De quoi s'agit-il ? Pour commencer, de la démission de Driss Azami Idrissi, le 25 février dernier, de celle du ministre d'Etat Mustapha Ramid le lendemain, et d'un agenda nourri concomitamment par deux grands dossiers à savoir la loi électorale sur le quotient et la loi légalisant le cannabis. La barque est lourde : comment faire face à une forte houle et à tant de récifs ?
Pour ce qui est de Mustapha Ramid, il a justifié sa démission pour des raisons de santé. La manière dont il en a fait part reste singulière : elle a été diffusée une heure après sa notification au Chef du gouvernement sur les réseaux sociaux. Est-ce l'air du temps ? L'on est plutôt habitué - et c'est une excellente chose, me semble-t-il- à plus de discrétion et de conformité à une pratique institutionnelle traditionnelle. Le soir même, il a annoncé qu'il revenait sur sa décision par suite d'une demande de SM le Roi. Alors ? Il a justifié son acte au départ en invoquant son incapacité à assumer ses tâches ministérielles. Est-il en mesure de le faire aujourd’hui, même si l'on ne peut que lui souhaiter un prompt rétablissement.
Au Maroc, on ne démissionne …
Au Maroc, on ne démissionne pas pour "raisons de santé" Les exemples ne manquent pas de membres de gouvernement faisant face à de gros problèmes de santé et qui n'ont pas jugé opportun de remettre leur tablier. Quant à la démission à l'initiative d'un ministre, elle est plutôt rarissime (Guédira en 1964 puis en 1969 ; Othmane Demnati, ministre de l'agriculture, en novembre 1992, en conflit avec Mohamed Karim Lamrani, alors Premier ministre, sur un appel d'offres international ; et Mohamed Ziane, ministre des droits de l'homme, en février 1996, en protestation contre la campagne d'assainissement menée par Driss Basri).
Cela dit, il faut revenir au nouveau projet de loi qui vient d'être adopté par le Parlement. Il présente bien des insuffisances telle l'incompatibilité qui a été prévue entre la présidence d'une municipalité de plus 300.000 habitants et le mandat de parlementaire.

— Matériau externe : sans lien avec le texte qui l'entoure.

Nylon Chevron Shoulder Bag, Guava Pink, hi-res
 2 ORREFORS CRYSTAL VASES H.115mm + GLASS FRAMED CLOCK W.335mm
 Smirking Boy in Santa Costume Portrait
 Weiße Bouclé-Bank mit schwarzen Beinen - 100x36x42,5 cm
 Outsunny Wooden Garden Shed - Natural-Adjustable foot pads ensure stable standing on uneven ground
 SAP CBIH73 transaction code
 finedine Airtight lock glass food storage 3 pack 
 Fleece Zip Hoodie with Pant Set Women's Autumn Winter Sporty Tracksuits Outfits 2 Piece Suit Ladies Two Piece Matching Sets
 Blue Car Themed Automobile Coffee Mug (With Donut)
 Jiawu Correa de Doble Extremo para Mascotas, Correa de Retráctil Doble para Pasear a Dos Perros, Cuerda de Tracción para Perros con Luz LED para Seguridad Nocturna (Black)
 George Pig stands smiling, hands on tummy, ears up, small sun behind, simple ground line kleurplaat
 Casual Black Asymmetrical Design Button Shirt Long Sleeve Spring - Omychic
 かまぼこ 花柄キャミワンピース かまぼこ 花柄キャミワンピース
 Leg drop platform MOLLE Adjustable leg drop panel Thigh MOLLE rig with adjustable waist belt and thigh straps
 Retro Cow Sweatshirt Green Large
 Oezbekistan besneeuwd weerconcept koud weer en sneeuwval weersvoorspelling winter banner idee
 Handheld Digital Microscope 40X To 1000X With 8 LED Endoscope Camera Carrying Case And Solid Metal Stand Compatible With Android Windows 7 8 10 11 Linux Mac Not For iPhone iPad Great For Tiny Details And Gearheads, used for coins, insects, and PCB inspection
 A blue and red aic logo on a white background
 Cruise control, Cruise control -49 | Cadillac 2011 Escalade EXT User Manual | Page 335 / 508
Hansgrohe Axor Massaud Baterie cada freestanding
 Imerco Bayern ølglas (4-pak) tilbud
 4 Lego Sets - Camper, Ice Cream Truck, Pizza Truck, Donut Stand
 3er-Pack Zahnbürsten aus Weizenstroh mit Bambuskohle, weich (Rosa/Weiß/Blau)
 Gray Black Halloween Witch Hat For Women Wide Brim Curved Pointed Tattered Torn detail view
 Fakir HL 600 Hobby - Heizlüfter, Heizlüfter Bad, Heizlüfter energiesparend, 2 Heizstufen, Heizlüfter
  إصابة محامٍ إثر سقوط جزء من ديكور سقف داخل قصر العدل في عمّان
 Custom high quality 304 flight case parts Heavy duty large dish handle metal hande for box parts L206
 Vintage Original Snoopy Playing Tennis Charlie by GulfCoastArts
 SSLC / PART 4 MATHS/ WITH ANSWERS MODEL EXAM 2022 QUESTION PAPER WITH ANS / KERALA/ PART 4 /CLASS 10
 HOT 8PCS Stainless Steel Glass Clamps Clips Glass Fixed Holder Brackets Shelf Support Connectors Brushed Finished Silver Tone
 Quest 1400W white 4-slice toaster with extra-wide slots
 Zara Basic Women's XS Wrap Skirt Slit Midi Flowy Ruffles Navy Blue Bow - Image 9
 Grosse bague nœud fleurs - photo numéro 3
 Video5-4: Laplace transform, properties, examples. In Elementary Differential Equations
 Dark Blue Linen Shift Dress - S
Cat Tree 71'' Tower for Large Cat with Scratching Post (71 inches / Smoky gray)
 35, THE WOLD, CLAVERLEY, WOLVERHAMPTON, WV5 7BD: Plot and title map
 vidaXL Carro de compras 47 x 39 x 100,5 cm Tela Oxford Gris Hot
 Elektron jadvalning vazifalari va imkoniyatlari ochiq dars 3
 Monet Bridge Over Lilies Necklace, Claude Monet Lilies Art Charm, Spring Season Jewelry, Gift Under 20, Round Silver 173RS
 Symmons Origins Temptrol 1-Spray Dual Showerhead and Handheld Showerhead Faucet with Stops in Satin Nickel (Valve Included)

L'argument invoqué, à bon droit, a trait à la nécessité de la pleine disponibilité de l'élu, la formule actuelle n'ayant guère été concluante. Les 13 communautés urbaines visées sont les suivantes : Casablanca, Rabat, Salé, Marrakech, Tanger, Fès, Oujda, Meknès, Tétouan, Kénitra, a Témara, Safi, Agadir. Mais pourquoi ne pas avoir étendu cette incompatibilité aux ministres ? Un membre du gouvernement aurait-il plus de disponibilité à réserver à ses électeurs s'il est à la tête de l'une des grandes municipalités précitées ? Personne ne peut sérieusement le croire. Preuve, peut-être, d'une frilosité allant au-devant des attentes et/ou des intérêts de profils veillant à sanctuariser par avance des positions au-delà des élections législatives de septembre 2021. A noter au passage que même le PJD ne s'est pas distingué en la matière par rapport tant à ses alliés de la majorité que de l'opposition. En somme une rente statutaire et politique pour le futur...
Le PJD contre tous
Avec la question du coefficient électoral, c'est une autre problématique qui a dominé le débat national et donné lieu à des clivages: le PJD contre tous. Dès le début, voici quelques mois, cette formation s'est prononcée contre l'institution de ce coefficient où il est proposé de se baser sur l'ensemble des électeurs inscrits et non plus sur les suffrages exprimés. Elle a mis en avant que c'était là une technique qui n'avait pour objectif que de réduire sa représentation parlementaire. Des simulations ont été faites par ce parti qui indiquent qu'il perdrait près d'une quarantaine de sièges au total, en se référant aux résultats d'octobre 2016. Le Chef du gouvernement, Saad Dine El Otmani, a même parlé d'une "ligne rouge " à cet égard. Or, ce texte a été soumis à la délibération parlementaire par suite de son inscription à l'ordre du jour de la session extraordinaire du Parlement ouverte le 2 mars courant. Défendu en commission par le ministre de l'intérieur, il a été finalement voté par chacune des deux Chambres, les parlementaires PJD se prononçant contre.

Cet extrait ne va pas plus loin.